Data base Look up in server and Parallel , Hash/data set loo

dsuser1 · Post by **dsuser1** » Wed Dec 03, 2003 5:32 pm

I have been going through some of the postings in this forum on look up in general and I am trying to make some conclusions. Please put in your expert advise.

If I have to do a database look up (eg. against a oracle table) in server job, there is no separate look up stage and the oracle stage can be directly used for look from transformer stage. Here each record is looked up with the database using an SQL statement issued to the database with the Key condition in WHERE clause. Is this correct? (or Is it like Ascential brings the look up table in memory and does the matching?)

Now If I have to do a database look up (eg. against a oracle table) in parallel job, there is a separate look up stage and the oracle stage can be linked to the look up stage for look up. Here there is no key matching issued to the database in the WHERE clause.

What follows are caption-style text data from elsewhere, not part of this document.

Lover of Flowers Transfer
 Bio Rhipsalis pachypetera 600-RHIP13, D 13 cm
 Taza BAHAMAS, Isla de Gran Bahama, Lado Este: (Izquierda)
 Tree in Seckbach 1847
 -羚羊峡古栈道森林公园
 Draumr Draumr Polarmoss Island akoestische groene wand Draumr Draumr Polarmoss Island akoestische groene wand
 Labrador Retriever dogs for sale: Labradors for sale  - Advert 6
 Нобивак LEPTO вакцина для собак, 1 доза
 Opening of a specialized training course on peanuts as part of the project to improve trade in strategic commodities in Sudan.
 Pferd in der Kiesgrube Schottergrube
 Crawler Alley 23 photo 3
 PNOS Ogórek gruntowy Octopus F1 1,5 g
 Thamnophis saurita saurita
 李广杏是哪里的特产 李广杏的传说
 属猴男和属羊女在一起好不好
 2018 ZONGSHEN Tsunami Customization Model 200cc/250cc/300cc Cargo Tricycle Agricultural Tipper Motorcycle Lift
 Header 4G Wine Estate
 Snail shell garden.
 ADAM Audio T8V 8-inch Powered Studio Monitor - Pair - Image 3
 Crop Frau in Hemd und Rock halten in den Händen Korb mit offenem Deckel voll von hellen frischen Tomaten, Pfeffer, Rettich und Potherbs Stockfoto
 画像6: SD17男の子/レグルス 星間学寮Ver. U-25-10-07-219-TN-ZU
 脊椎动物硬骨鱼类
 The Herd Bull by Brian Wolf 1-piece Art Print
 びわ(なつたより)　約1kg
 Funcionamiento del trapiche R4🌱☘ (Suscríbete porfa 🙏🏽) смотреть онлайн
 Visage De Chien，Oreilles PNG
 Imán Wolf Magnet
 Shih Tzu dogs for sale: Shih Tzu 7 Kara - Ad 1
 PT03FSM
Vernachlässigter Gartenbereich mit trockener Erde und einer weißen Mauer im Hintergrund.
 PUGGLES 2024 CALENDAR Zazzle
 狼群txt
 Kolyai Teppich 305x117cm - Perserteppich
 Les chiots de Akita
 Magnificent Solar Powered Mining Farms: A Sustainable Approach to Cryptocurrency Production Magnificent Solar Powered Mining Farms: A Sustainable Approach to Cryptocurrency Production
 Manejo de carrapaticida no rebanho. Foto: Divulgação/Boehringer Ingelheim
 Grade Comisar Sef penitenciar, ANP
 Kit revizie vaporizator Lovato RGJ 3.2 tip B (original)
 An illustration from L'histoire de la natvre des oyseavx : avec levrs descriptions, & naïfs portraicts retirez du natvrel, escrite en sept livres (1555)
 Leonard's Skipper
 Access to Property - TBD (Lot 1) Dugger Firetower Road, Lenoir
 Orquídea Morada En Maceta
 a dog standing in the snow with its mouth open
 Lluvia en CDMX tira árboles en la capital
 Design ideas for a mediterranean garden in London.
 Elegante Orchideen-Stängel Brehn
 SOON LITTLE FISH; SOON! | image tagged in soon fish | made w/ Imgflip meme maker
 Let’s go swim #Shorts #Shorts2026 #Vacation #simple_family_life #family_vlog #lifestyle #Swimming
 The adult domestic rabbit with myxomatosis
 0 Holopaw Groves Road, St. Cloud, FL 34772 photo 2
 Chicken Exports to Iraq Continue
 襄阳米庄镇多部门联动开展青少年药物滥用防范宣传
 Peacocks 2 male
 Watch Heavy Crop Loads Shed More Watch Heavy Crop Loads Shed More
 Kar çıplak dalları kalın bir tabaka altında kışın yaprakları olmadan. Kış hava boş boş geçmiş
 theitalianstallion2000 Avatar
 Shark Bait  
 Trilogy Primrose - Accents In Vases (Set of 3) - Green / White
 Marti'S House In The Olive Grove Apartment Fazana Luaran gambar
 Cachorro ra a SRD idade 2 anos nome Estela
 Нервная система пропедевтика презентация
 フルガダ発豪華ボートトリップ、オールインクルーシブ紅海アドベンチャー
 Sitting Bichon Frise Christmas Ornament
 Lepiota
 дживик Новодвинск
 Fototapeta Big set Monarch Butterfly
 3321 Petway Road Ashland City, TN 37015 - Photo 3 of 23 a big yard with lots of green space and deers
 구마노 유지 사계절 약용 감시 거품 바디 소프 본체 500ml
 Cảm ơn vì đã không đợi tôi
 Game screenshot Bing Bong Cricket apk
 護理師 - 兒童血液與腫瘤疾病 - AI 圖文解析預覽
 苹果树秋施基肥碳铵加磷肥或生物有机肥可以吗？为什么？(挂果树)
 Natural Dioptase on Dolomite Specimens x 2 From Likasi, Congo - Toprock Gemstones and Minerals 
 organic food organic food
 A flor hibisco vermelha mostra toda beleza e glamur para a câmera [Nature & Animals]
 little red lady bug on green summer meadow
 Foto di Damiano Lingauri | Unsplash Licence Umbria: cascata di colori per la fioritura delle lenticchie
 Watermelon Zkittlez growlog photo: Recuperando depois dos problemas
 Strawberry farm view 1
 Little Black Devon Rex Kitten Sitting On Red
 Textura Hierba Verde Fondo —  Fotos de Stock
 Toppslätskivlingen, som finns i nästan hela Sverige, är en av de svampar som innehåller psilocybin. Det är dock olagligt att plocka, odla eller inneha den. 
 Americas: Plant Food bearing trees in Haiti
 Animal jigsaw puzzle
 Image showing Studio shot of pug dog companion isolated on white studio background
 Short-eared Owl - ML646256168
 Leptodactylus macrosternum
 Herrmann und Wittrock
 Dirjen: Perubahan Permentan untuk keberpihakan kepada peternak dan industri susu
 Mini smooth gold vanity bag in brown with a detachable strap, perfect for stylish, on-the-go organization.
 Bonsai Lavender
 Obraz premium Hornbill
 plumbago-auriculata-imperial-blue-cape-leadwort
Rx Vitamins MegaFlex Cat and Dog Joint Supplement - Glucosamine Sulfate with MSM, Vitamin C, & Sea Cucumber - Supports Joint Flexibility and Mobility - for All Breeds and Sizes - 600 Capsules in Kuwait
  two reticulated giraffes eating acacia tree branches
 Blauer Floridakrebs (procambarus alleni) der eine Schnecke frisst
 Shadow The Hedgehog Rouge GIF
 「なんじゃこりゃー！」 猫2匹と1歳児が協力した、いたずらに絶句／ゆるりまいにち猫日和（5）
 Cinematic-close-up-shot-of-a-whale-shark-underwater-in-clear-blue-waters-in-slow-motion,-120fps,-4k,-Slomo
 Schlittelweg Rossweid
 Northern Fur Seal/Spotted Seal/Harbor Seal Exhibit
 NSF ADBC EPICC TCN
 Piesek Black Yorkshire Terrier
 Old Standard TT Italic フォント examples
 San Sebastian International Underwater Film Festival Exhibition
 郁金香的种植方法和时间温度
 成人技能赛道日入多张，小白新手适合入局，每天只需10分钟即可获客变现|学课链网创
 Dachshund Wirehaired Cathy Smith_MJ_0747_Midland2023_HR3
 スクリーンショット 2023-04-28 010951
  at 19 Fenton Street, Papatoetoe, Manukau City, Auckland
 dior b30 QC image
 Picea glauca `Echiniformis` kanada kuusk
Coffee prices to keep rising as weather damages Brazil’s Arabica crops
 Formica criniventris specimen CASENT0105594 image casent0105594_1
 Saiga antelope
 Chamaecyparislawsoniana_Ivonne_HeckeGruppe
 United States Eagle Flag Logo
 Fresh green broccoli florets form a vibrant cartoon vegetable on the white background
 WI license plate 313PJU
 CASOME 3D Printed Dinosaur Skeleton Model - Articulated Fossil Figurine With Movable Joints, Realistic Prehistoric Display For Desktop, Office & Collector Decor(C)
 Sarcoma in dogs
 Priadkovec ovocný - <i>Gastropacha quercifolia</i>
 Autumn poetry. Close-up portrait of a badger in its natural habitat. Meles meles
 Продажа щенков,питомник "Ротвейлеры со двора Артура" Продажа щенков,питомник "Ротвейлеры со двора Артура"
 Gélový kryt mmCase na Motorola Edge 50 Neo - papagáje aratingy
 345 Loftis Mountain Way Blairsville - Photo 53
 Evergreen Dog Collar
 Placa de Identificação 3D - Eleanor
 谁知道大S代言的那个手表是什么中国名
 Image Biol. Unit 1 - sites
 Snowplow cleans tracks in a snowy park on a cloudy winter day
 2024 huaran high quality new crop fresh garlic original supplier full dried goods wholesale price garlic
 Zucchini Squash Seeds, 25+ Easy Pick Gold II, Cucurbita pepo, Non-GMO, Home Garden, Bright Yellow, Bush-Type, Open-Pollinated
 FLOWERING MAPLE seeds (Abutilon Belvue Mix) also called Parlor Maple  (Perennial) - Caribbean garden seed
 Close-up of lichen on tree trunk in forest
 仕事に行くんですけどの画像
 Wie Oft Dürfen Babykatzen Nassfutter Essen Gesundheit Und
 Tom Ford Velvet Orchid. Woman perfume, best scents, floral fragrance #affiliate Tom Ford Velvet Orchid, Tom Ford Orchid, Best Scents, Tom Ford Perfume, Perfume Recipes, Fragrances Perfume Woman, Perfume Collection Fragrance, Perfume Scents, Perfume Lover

The SQL which runs on database can return a set of records depending on the SQL and I guess the matching is done by the look up stage in memory of ETL server. Is this correct?

Now you can also download the table data to a data set or hash file and do a look up. What is the pros and cons of these approaches? Which is the best one in terms of performance? If I have a large database table (UDB) to be looked up in my ETL job, which is the best method I should go for?

T.I.A.

Teej · Post by **Teej** » Wed Dec 03, 2003 8:08 pm

dsuser1 wrote:If I have to do a database look up (eg. against a oracle table) in server job, there is no separate look up stage and the oracle stage can be directly used for look from transformer stage. Here each record is looked up with the database using an SQL statement issued to the database with the Key condition in WHERE clause. Is this correct? (or Is it like Ascential brings the look up table in memory and does the matching?)

Correct. This is why it is well advised to use a Hash stage between the database stage and the lookup link being used at the very minimum. This would reduce the fetching of the database to as low as one fetch. There are limitation to this -- particularly the 2gb size limit for 32 bit hash files.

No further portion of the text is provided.